■ **TASK PROMPT**: Your answer must contain only the lines from the one containing "blue spartan classic muscle costume 996659" through the end of the entries below, reproduced character for character.
▶
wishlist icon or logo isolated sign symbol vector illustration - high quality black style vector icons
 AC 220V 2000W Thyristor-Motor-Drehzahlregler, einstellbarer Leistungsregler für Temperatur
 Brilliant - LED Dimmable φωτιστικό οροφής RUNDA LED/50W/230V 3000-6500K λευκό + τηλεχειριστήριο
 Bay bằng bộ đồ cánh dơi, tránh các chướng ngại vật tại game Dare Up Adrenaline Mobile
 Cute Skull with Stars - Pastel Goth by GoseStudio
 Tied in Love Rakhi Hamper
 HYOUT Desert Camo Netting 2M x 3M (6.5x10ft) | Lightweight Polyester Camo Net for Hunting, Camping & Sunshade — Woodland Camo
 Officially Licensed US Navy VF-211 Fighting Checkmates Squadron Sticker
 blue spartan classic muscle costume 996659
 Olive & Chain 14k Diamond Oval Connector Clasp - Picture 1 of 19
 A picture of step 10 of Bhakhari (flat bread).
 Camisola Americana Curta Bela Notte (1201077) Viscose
◀
■ **RESPONSE TO THIS TASK**:
 blue spartan classic muscle costume 996659
 Olive & Chain 14k Diamond Oval Connector Clasp - Picture 1 of 19
 A picture of step 10 of Bhakhari (flat bread).
 Camisola Americana Curta Bela Notte (1201077) Viscose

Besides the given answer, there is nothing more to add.